Ama sanırız en az bunun kadar ilgi ve kaygı konusu olması gereken bir noktaya çoğunlukla sadece değinilmekle yetinildi. Bu, “terörizm” ve “terörizmle mücadele” konseptini ABD hegemonyasına dahil edilmek istenen ülkelerin iç düzenlerine, siyasal hayatlarına yönlendirici bir ilke, kural olarak entegre etmek olarak özetlenebilir. Bununla sırf güvenlik önlemlerinin arttırılması, istihbarat ve polis örgütlerinin güçlendirilmesi, yaygınlaştırılması gibi; temel hak ve özgürlüklerin kısıtlanması sonucunu doğursa bile yine de “teknik” denilebilecek bir uygulamalar serisi kasdedilmiyor sadece. Bilinen tüm siyasal ideolojilerin şiddeti kategorik olarak reddetmedikleri, o akımlara mensup birilerinin, ideolojinin dünya-toplum durumu veya statükosuna ilişkin tez veya argümanlarına dayanarak şiddet eylemlerine başvurabileceği ve ayrıca hemen her şeyin bir şiddet ve dehşet aracı ya da malzemesi olarak kullanılabileceği ortadayken; ABD’nin özellikle “önleyici savaş” mantığıyla yürütülmesini empoze ettiği “terörizmle mücadele” programını, kendisi statükoya itiraz eden ve elinde nükleer santral, kimyevi tesis olan -dolayısıyla potansiyel terörist sayılan- devletlere karşı yürürlüğe koyacakken; ABD hegemonyasına biat eden devletlerde de statükoya ciddi itirazı olan her akım veya hareketi potansiyel terörist sayan bir ortam oluşturulabilecektir.
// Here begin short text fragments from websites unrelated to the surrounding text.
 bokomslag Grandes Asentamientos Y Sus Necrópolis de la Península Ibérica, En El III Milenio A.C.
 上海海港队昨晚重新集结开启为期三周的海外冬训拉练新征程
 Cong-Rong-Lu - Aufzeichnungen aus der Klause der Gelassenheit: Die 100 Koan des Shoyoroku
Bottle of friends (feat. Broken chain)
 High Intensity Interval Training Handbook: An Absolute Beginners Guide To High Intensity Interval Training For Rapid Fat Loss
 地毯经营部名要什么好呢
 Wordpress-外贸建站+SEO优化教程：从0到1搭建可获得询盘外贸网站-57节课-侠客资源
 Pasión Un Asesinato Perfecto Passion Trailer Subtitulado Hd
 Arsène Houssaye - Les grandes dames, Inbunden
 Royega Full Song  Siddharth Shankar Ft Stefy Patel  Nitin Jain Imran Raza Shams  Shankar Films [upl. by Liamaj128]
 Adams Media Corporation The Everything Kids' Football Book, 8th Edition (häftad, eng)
Bu, siyasetin, onu anlamlı kılan fikirler, inançlar görüşler dünyasının tepesine bir Demokles kılıcının asılmasıdır. 1980’lerden beri temellerindeki erozyonu önleyemeyen, giderek derinleşen yapısal bir krizi dünya ölçeğinde yaşamakta olan modern siyaset için bir coup de grace’dır bu. Siyaseti yönetime, en fazla “yönetişim”e indirgemek zaten “özü”nde ve ideali olan postmodernizmin, neo-liberalizmin yönlendirdiği bir dünya-toplum tasarımında “teröre”, terorizmle mücadele”ye verilen işlev de budur.
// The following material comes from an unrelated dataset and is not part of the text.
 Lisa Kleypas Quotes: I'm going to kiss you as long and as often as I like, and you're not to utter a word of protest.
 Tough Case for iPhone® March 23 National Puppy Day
11 Eylül’den sonra ABD’nin kendi iç düzeninde bu süreç hızla işle(til)mektedir. Olayın hemen ertesinden itibaren peşpeşe çıkarılan yasalar ve düzenlemeler ile olmadık detaylara kadar inebilen gayet yaygın bir gözetim, veri toplama, değerlendirme şebekesi oluşturulmakta, milyonlarca ABD yurttaşı potansiyel suçlu/şüpheli arşivlerinde fişlenmektedir. Modern siyasetin yapısal krizine bağlı olarak, post-endüstriyel-modern toplumlarda siyasal partilerin birer yönetim şirketi gibi olmaya doğru “evrilmesi”nin zaten en açık biçimde izlenebildiği ABD’de, söz konusu düzenlemelerin bu süreci daha da hızlandırması, bu partilerin tabanındaki popüler siyaset etkinlik ve kanalları üzerinde bir tıkaç etkisi yaratması kaçınılmazdır.
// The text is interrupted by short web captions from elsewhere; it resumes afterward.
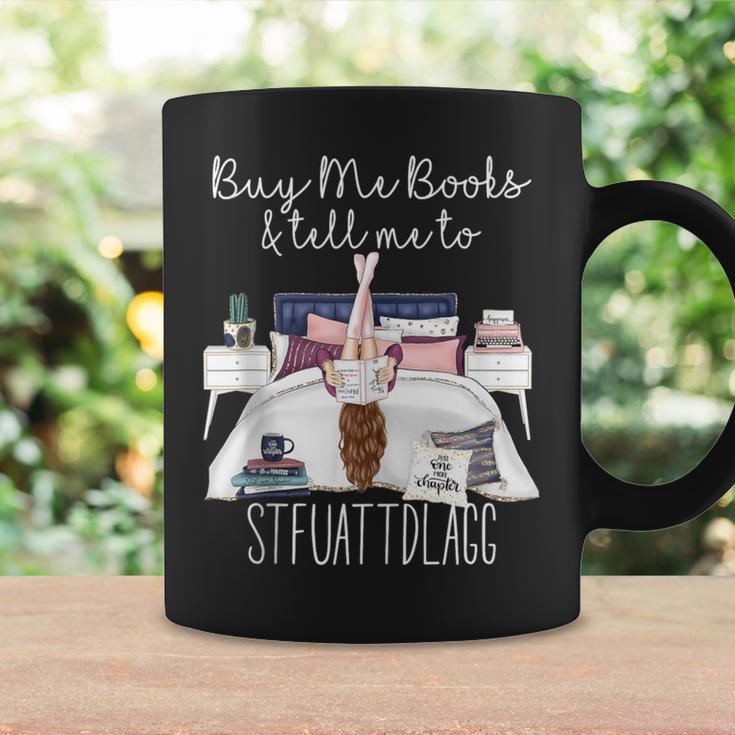 Buy Me Books And Tell Me To Stfuattdlagg Smutty Book Merch Graphic Print Coffee Mug Gifts ideas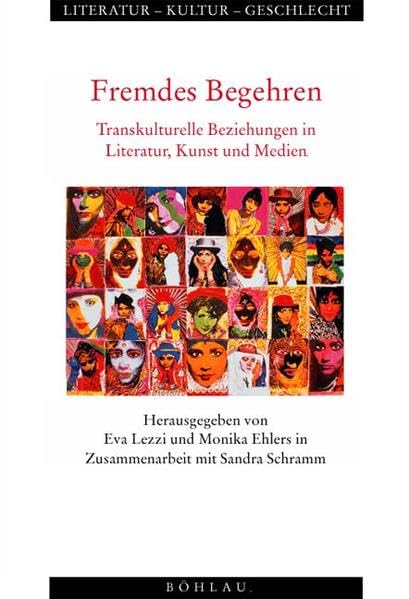 Fremdes Begehren: Transkulturelle Beziehungen in Literatur, Kunst und Medien (Literatur - Kultur - Geschlecht: Studien zur Literatur- und Kulturgeschichte. (Ehem. Große Reihe)) Media & Communication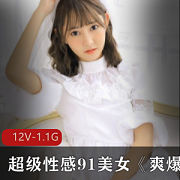 91美少女超级性感爽爆道具嗨森合集真实型、颜值高挑、丰满臀部，12集、1.09G，道具直播、第一视角让观众体验奇妙感。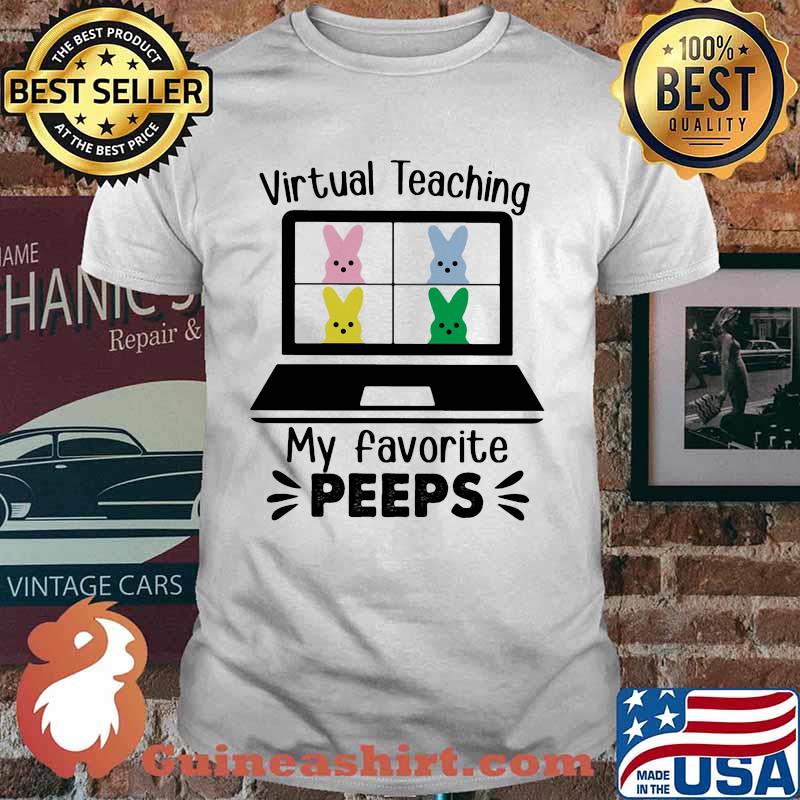 Virtual Teaching My favorite Peeps shirt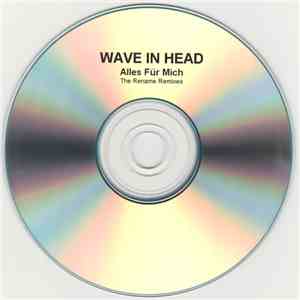 Wave In Head - Alles Für Mich flac album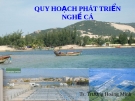 QUY HOẠCH PHÁT TRIỂN NGHỀ CÁ.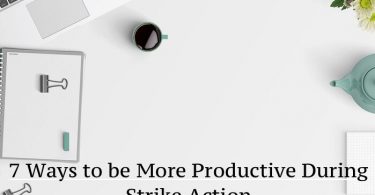 7 Ways to be More Productive During Strike Action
ABD’nin dünya üzerindeki hemen tüm haberleşmeyi dinleyip kaydedebilen ve gezegenimizin her noktasını gözetleyebilen bir denetim ağı oluşturduğu zaten bilinmekteydi. Gelen haberler bu ağın tüm ülkelerin yurttaşlarını kapsayacak bir fişleme mekanizmasıyla takviye edildiği yönündedir.

Bizi burada ilgilendiren, bu devasa istihbarat düzeneğinin bir güvenlik önlemi olarak işlevi değil, onun ABD’ye herhangi biçimde muhalif kişi, grup ve akımlar üzerindeki caydırıcı, depolitize edici etkisidir.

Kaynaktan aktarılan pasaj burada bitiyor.